After 30 epochs, we get results such as:

She handed him the money.[start] ella le pasó el dinero [end]

Tom has never heard Mary sing.[start] tom nunca ha oído cantar a mary [end]

Perhaps she will come tomorrow.[start] tal vez ella vendrá mañana [end]

I love to write.[start] me encanta escribir [end]

His French is improving little by little.[start] su francés va a [UNK] sólo un poco [end]

My hotel told me to call you.[start] mi hotel me dijo que te [UNK] [end]
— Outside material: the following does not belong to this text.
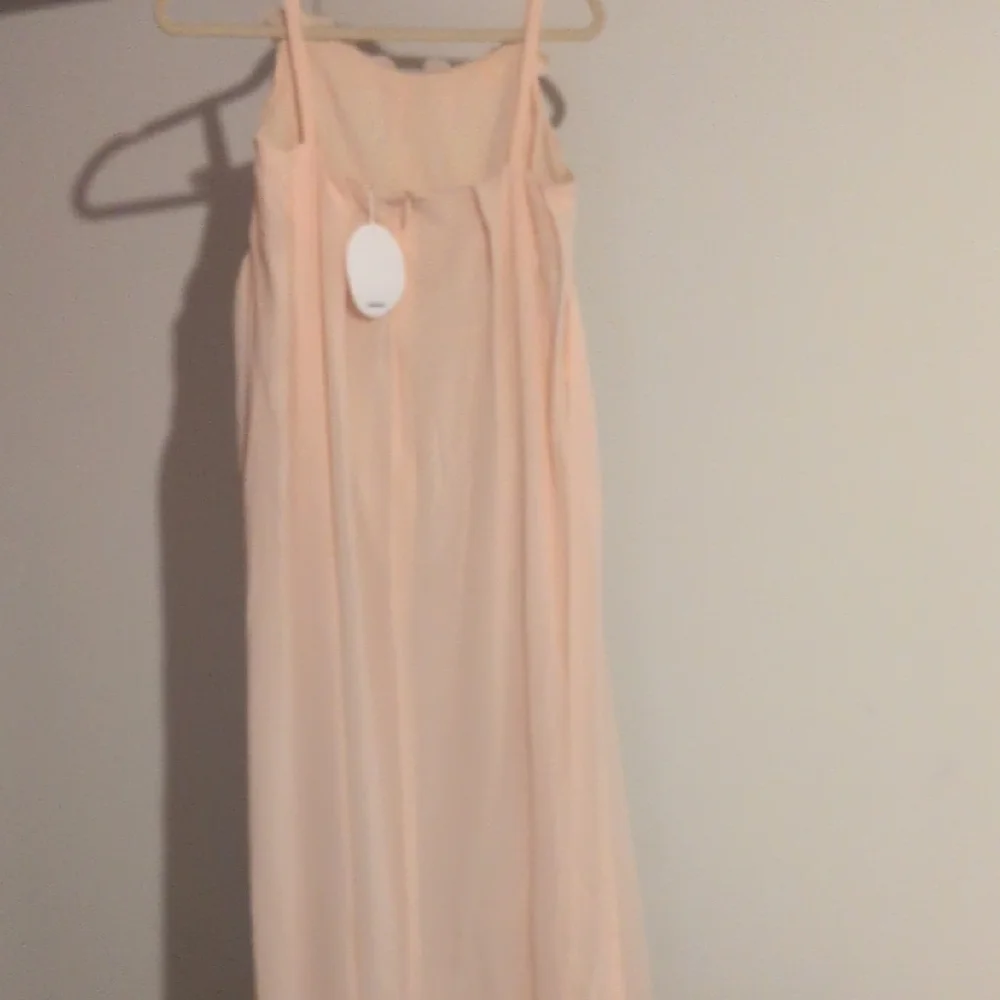 Elegant Pink Kids Dress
(Video) 𝐓𝐫𝐚𝐧𝐬𝐟𝐨𝐫𝐦𝐞𝐫𝐬 𝐢𝐧 𝐕𝐢𝐬𝐢𝐨𝐧: 𝐅𝐫𝐨𝐦 𝐙𝐞𝐫𝐨 𝐭𝐨 𝐇𝐞𝐫𝐨


1. How to Make a Language Translator - Intro to Deep Learning #11
(Siraj Raval)
2. NLP with BERT | Text Summarization using PyTorch | Great Learning
(Great Learning)
3. Building a Seq2Seq Sentence Boundary Detection System - Getting Started
(Argos Open Tech)
4. Language Translation using Hugging Face and Python in 3 lines of code
(The Click Reader)
5. Two Witnesses of Revelation Explained. This Will Rock Your World. Ophir, Sheba, Tarshish
(The God Culture)
6. Transformers, BERT, and Text Generation Evaluation with BERT
(Steph Eger)

Top Articles

You might also like

Latest Posts

Article information

Author: Errol Quitzon

Last Updated: 01/09/2023

Views: 6177

Rating: 4.9 / 5 (79 voted)

Reviews: 86% of readers found this page helpful

Author information

Name: Errol Quitzon

Birthday: 1993-04-02

Address: 70604 Haley Lane, Port Weldonside, TN 99233-0942

Phone: +9665282866296

Job: Product Retail Agent

Hobby: Computer programming, Horseback riding, Hooping, Dance, Ice skating, Backpacking, Rafting

Introduction: My name is Errol Quitzon, I am a fair, cute, fancy, clean, attractive, sparkling, kind person who loves writing and wants to share my knowledge and understanding with you.